*** INPUT DATA ***

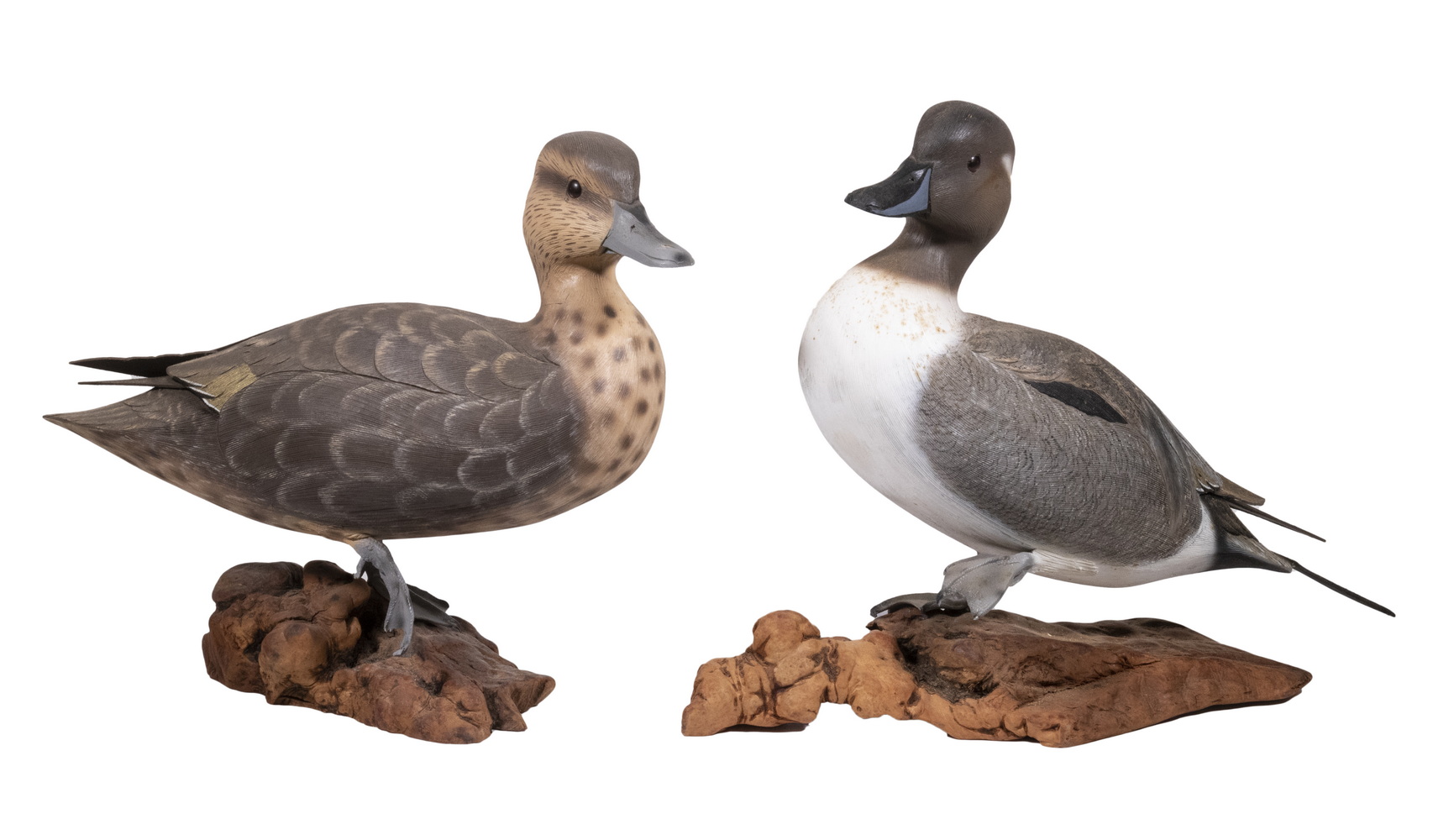 PR DUCK CARVINGS Male and Female 3028eb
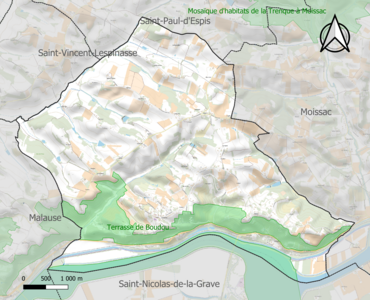 Carte des ZNIEFF de type 1 sur la commune.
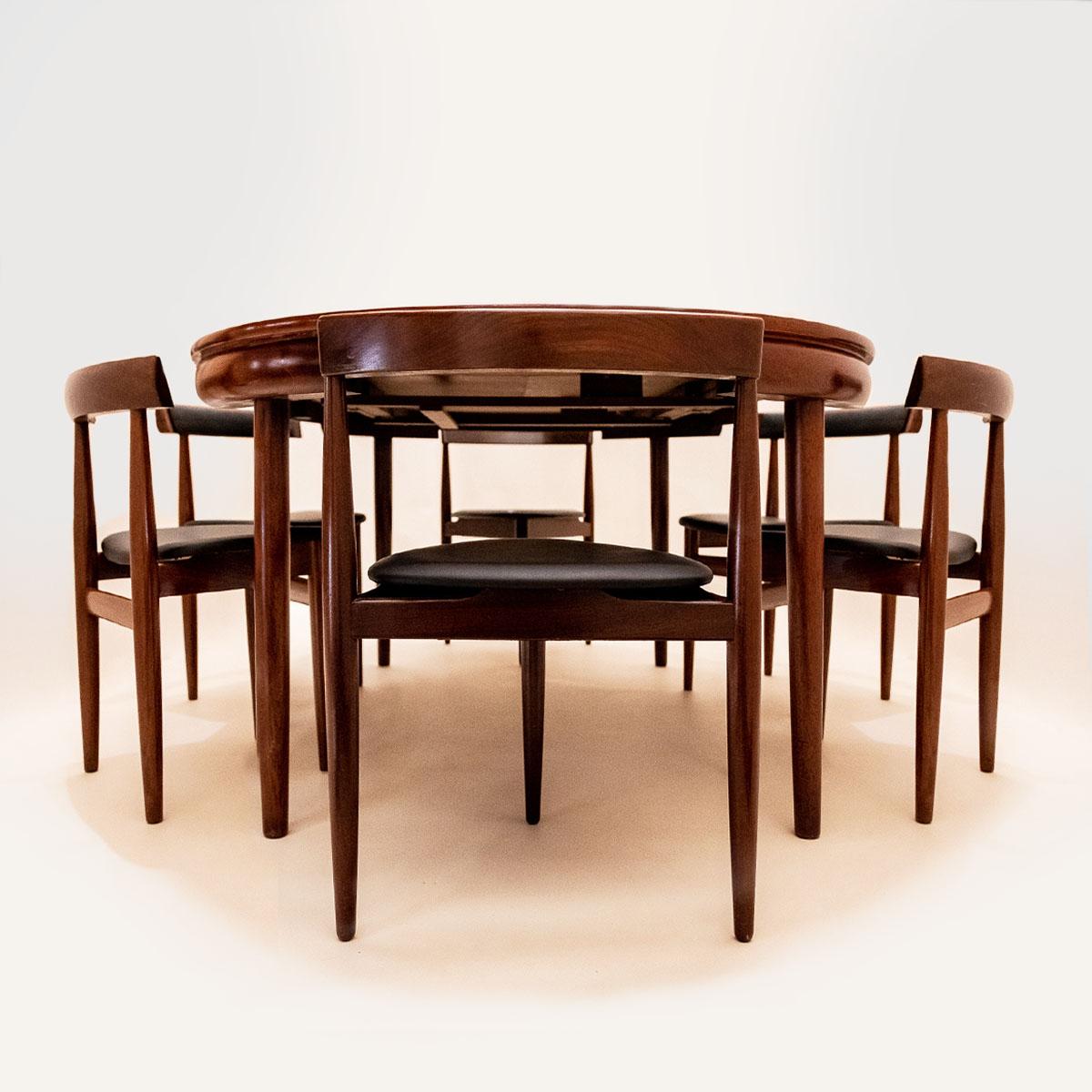 Mid-Century Modern Danish Mid Century Hans Olsen Roundette Dining Set with 6 Chairs by Frem Røjle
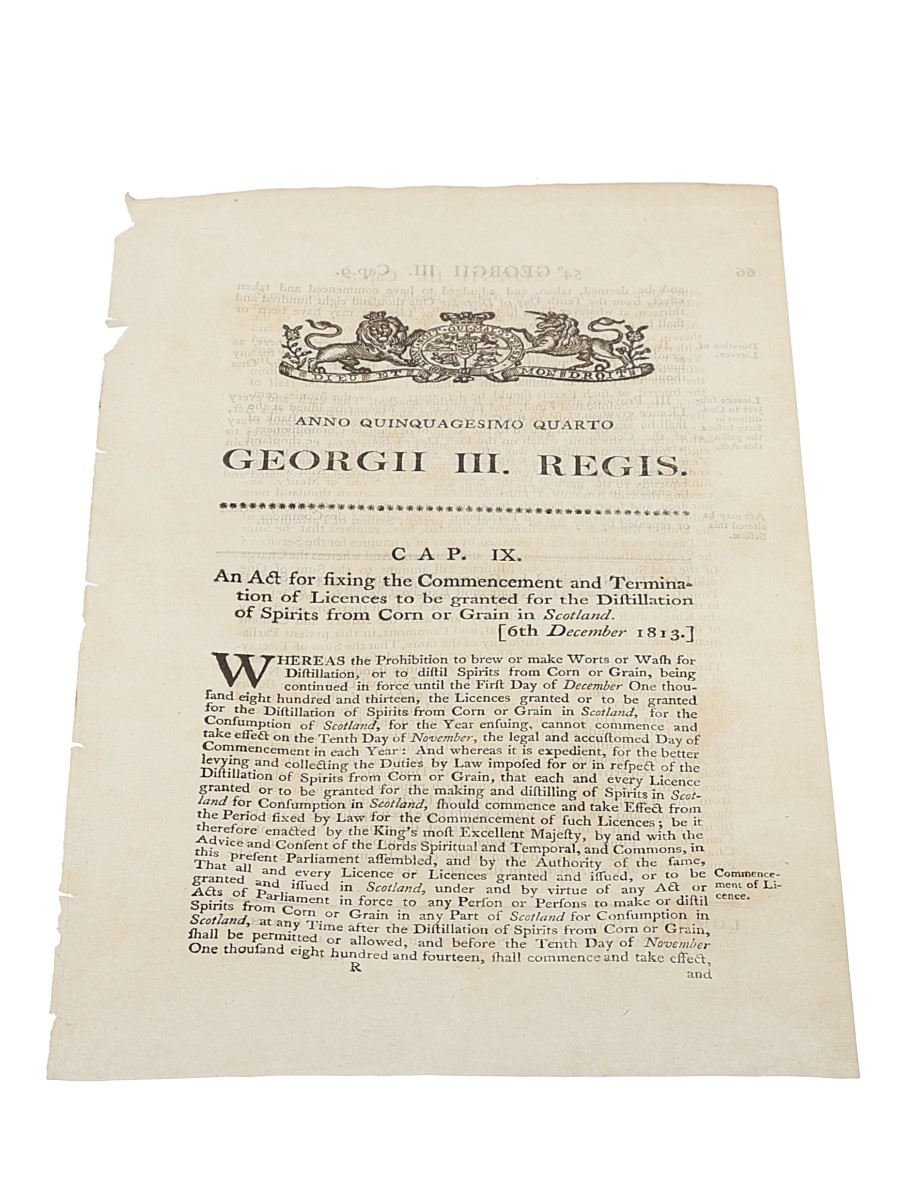 Act For Fixing The Commencement And Termination Of Licences To Be Granted For The Distillation Of Spirits From Corn Or Grain In Scotland, Dated 1813 In the 54th Year of King George III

*** End of INPUT DATA ***

HOW TO COMPLETE THIS TASK. Copy the data word for word, no pictures.

ANSWER FOR THE TASK.
 PR DUCK CARVINGS Male and Female 3028eb
 Carte des ZNIEFF de type 1 sur la commune.
 Mid-Century Modern Danish Mid Century Hans Olsen Roundette Dining Set with 6 Chairs by Frem Røjle
 Act For Fixing The Commencement And Termination Of Licences To Be Granted For The Distillation Of Spirits From Corn Or Grain In Scotland, Dated 1813 In the 54th Year of King George III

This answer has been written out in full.